◆ Task details ◆
A verbatim copy of the listing is needed; pictures are to be left out.

◆ Collected material ◆

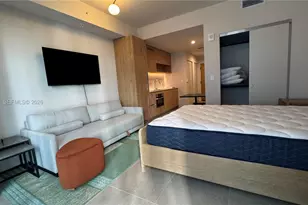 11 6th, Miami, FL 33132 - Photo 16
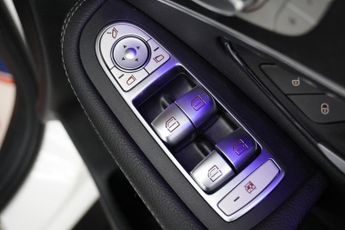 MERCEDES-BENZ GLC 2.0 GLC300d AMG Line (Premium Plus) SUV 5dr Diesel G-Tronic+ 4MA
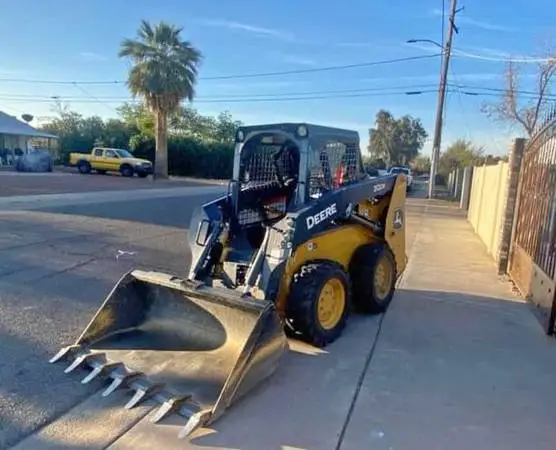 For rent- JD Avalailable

◆ Response below ◆
 11 6th, Miami, FL 33132 - Photo 16
 MERCEDES-BENZ GLC 2.0 GLC300d AMG Line (Premium Plus) SUV 5dr Diesel G-Tronic+ 4MA
 For rent- JD Avalailable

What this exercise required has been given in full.